Dalam Dan 3: 14-20.24-25.28 dikisahkan: Pada waktu itu, raja Nebukadnezar bertanya kepada mereka: “Apakah benar, hai Sadrakh, Mesakh dan Abednego, bahwa kamu tidak memuja dewaku dan tidak menyembah patung emas yang kudirikan itu?
Sekarang, jika kamu bersedia, ketika mendengar bunyi sangkakala, seruling, kecapi, rebab, gambus, serdam dan berbagai-bagai jenis bunyi-bunyian, sujudlah menyembah patung yang kubuat itu! Tetapi jika kamu tidak menyembah, kamu akan dicampakkan seketika itu juga ke dalam perapian yang menyala-nyala. Dan dewa manakah yang dapat melepaskan kamu dari dalam tanganku?”
Lalu Sadrakh, Mesakh dan Abednego menjawab: “Tidak ada gunanya kami memberi jawab kepada tuanku dalam hal ini. Jika Allah kami yang kami puja sanggup melepaskan kami, Ia akan melepaskan kami dari perapian yang menyala-nyala itu, dan dari dalam tanganmu, ya raja; tetapi seandainya tidak, hendaklah tuanku mengetahui, ya raja, bahwa kami tidak akan memuja dewa tuanku, dan tidak akan menyembah patung emas yang tuanku dirikan itu.”
Maka meluaplah kegeraman Nebukadnezar, air mukanya berubah terhadap mereka. Lalu diperintahkannya supaya perapian itu dibuat tujuh kali lebih panas dari yang biasa.
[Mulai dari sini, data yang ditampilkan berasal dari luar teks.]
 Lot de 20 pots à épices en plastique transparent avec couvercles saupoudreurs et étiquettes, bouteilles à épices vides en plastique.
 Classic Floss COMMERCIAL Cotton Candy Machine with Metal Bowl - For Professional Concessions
Kepada beberapa orang yang sangat kuat dari tentaranya dititahkannya untuk mengikat mereka dan mencampakkan mereka ke dalam perapian yang menyala-nyala itu.
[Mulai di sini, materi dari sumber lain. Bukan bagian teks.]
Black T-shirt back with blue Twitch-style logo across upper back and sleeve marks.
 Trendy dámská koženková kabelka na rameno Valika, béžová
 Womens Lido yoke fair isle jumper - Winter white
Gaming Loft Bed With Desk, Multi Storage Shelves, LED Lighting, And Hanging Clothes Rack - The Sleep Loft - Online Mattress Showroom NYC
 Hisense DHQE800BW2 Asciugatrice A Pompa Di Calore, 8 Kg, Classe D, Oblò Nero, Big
Kemudian terkejutlah raja Nebukadnezar lalu bangun dengan segera; bertanyalah ia kepada para menterinya: “Bukankah tiga orang yang telah kita campakkan dengan terikat ke dalam api itu?” Jawab mereka kepada raja: “Benar, ya raja!” Katanya: “Ternyata ada empat orang kulihat berjalan-jalan dengan bebas di tengah-tengah api itu; mereka tidak terluka, dan yang keempat itu rupanya seperti anak dewa!”
Lalu berkatalah ia: “Terpujilah Allah Sadrakh, Mesakh dan Abednego! Ia telah mengutus malaikat-Nya dan melepaskan para hamba-Nya, yang telah menaruh percaya kepada-Nya. Mereka melanggar titah raja, dan menyerahkan tubuh mereka, karena mereka tidak mau memuja dan menyembah allah manapun kecuali Allah mereka.
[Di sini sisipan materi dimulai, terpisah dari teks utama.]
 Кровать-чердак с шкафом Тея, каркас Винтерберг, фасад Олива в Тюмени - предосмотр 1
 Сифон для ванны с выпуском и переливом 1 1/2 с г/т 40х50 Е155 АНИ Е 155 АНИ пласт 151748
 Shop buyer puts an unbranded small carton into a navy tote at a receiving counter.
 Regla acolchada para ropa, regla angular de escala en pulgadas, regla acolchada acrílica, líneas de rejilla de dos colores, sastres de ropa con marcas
Yohanes dalam injilnya (Yoh 8: 31-42) mewartakan: “Sekali peristiwa, Yesus berkata kepada orang-orang Yahudi yang percaya kepada-Nya: “Jikalau kamu tetap dalam firman-Ku, kamu benar-benar adalah murid-Ku dan kamu akan mengetahui kebenaran, dan kebenaran itu akan memerdekakan kamu.” Jawab mereka: “Kami adalah keturunan Abraham dan tidak pernah menjadi hamba siapapun. Bagaimana Engkau dapat berkata: Kamu akan merdeka?”
Kata Yesus lagi: “Aku berkata kepadamu, sesungguhnya setiap orang yang berbuat dosa, adalah hamba dosa. Dan hamba tidak tetap tinggal dalam rumah, tetapi anak tetap tinggal dalam rumah. Jadi bila Anak itu memerdekakan kamu, kamu pun benar-benar merdeka.” “Aku tahu, bahwa kamu adalah keturunan Abraham, tetapi kamu berusaha untuk membunuh Aku karena firman-Ku tidak beroleh tempat di dalam kamu. Apa yang Kulihat pada Bapa, itulah yang Kukatakan, dan demikian juga kamu perbuat tentang apa yang kamu dengar dari bapamu.”
Jawab mereka: “Bapa kami ialah Abraham.” Kata Yesus: “Jikalau sekiranya kamu anak-anak Abraham, tentulah kamu mengerjakan pekerjaan yang dikerjakan oleh Abraham. Tetapi yang kamu kerjakan ialah berusaha membunuh Aku; Aku, seorang yang mengatakan kebenaran kepadamu, yaitu kebenaran yang Kudengar dari Allah; pekerjaan yang demikian tidak dikerjakan oleh Abraham. Kamu mengerjakan pekerjaan bapamu sendiri.”
Jawab mereka: “Kami tidak dilahirkan dari zinah. Bapa kami satu, yaitu Allah.” Kata Yesus: “Jikalau Allah adalah Bapamu, kamu akan mengasihi Aku, sebab Aku keluar dan datang dari Allah. Dan Aku datang bukan atas kehendak-Ku sendiri, melainkan Dialah yang mengutus Aku.
Hikmah yang dapat kita petik:
Satu, Sadrakh, Mezak dan Abednego berani melawan perintah raja karena yakin sungguh-sungguh bahwa Allah yang mereka imani adalah Allah yang benar dan hidup serta berkuasa. Mereka amat siap mempertaruhkan nyawa karena Allah tetap menyertai dan menjamin kehidupan mereka.
Hendaknya iman kita tetap kuat meski ada pelbagai macam tawaran duniawi dan iming-iming yang menggiurkan.
Dua, Yesus tetap setia pada tugas perutusan yang dipercayakan Bapa-Nya. Dia dan Bapa adalah satu. Maka, sangat tidak mungkin bahwa Dia menyangkal Bapa-Nya. Dia mengatakan kebenaran itu, namun mereka tidak percaya.
Maka, meski banyak orang yang tidak percaya hendaknya kita tetap teguh pada kebenaran iman yang diwariskan kepada kita. Yesus adalah jaminannya. Amin.